Dual adaptive collision avoidance system
Abstract
An anti-collision system and method of a vehicle including a first sensor device to capture first sensor data associated with a first vehicle in front of the vehicle, a second sensor device to capture second sensor data associated with a second vehicle behind the vehicle, and a processing device to calculate, based on the first sensor data, a plurality of first parameters characterizing the first vehicle, calculate, based on the second sensor data, a plurality of second parameters characterizing the second vehicle, responsive to detecting a braking event by the first vehicle, determine, based on a rule taking into consideration at least one of the plurality of first parameters and at least one of the plurality of second parameters, a braking force for the vehicle, and generate a braking control signal that applies the braking force to brakes of the vehicle.
Claims
exact text as granted — not AI-modified1 . An anti-collision system of a vehicle, comprising:
a first senor device to capture first sensor data associated with a first vehicle in front of the vehicle; a second sensor device to capture second sensor data associated with a second vehicle behind the vehicle; and a processing device, communicatively coupled to the first sensor device and the second sensor device, to:
calculate, based on the first sensor data, a plurality of first parameters characterizing the first vehicle;
calculate, based on the second sensor data, a plurality of second parameters characterizing the second vehicle;
responsive to detecting a braking event by the first vehicle, determine, based on a rule taking into consideration at least one of the plurality of first parameters and at least one of the plurality of second parameters, a braking force for the vehicle; and
generate a braking control signal that applies the braking force to brakes of the vehicle.

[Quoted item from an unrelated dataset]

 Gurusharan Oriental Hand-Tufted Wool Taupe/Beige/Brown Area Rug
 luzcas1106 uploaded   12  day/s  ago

2 . The anti-collision system of claim 1 , wherein the first sensor device comprises at least one of a first LiDAR sensor, a first proximity sensor, a first video camera, a first global positioning system (GPS), or a first motion sensor, and wherein the second sensor device comprises at least one of a second LiDAR sensor, a second proximity sensor, a second video camera, a second global positioning system (GPS).
3 . The anti-collision system of claim 1 , wherein the first sensor data comprise at least one of:
a plurality of first distance values representing distances between the vehicle and the first vehicle at a first plurality of time points, or a plurality of first images of the first vehicle captured at a second plurality of time points, and
wherein the first sensor data comprise at least one of:
a plurality of second distance values representing distances between the vehicle and the second vehicle at a third plurality of time points, or
a plurality of second images of the second vehicle captured at a fourth plurality of time points.
4 . The anti-collision system of claim 3 , wherein to calculate, based on the first sensor data, a plurality of first parameters characterizing the first vehicle, the processing device is to calculate, based on the plurality of first distance values and the plurality of first images, a plurality of first kinematic parameters characterizing the first vehicle, and
wherein to calculate, based on the second sensor data, a plurality of second parameters characterizing the second vehicle, the processing device is to calculate, based on the plurality of second distance values and the plurality of second images, a plurality of second kinematic parameters characterizing the second vehicle.
5 . The anti-collision system of claim 4 , wherein the plurality of first kinematic parameters characterizing the first vehicle comprise at least one of first velocity parameters, first acceleration parameters, or first weight parameters, and wherein the plurality of second kinematic parameters characterizing the second vehicle comprise at least one of second velocity parameters, second acceleration parameters, or second weight parameters.
6 . The anti-collision system of claim 5 , wherein detecting a braking event by the first vehicle comprises detecting a change in at least one of the first velocity parameters or the first acceleration parameters.
7 . The anti-collision system of claim 5 , wherein responsive to detecting a braking event by the first vehicle, to determine, based on a rule taking into consideration at least one of the plurality of first parameters and at least one of the plurality of second parameters, a braking force for the vehicle, the processing device is to:
determine, based on the rule taking into consideration the plurality of first kinematic parameters characterizing the first vehicle and the plurality of second kinematic parameters characterizing the second vehicle, the braking force as a function of time to stop the vehicle at a stop point.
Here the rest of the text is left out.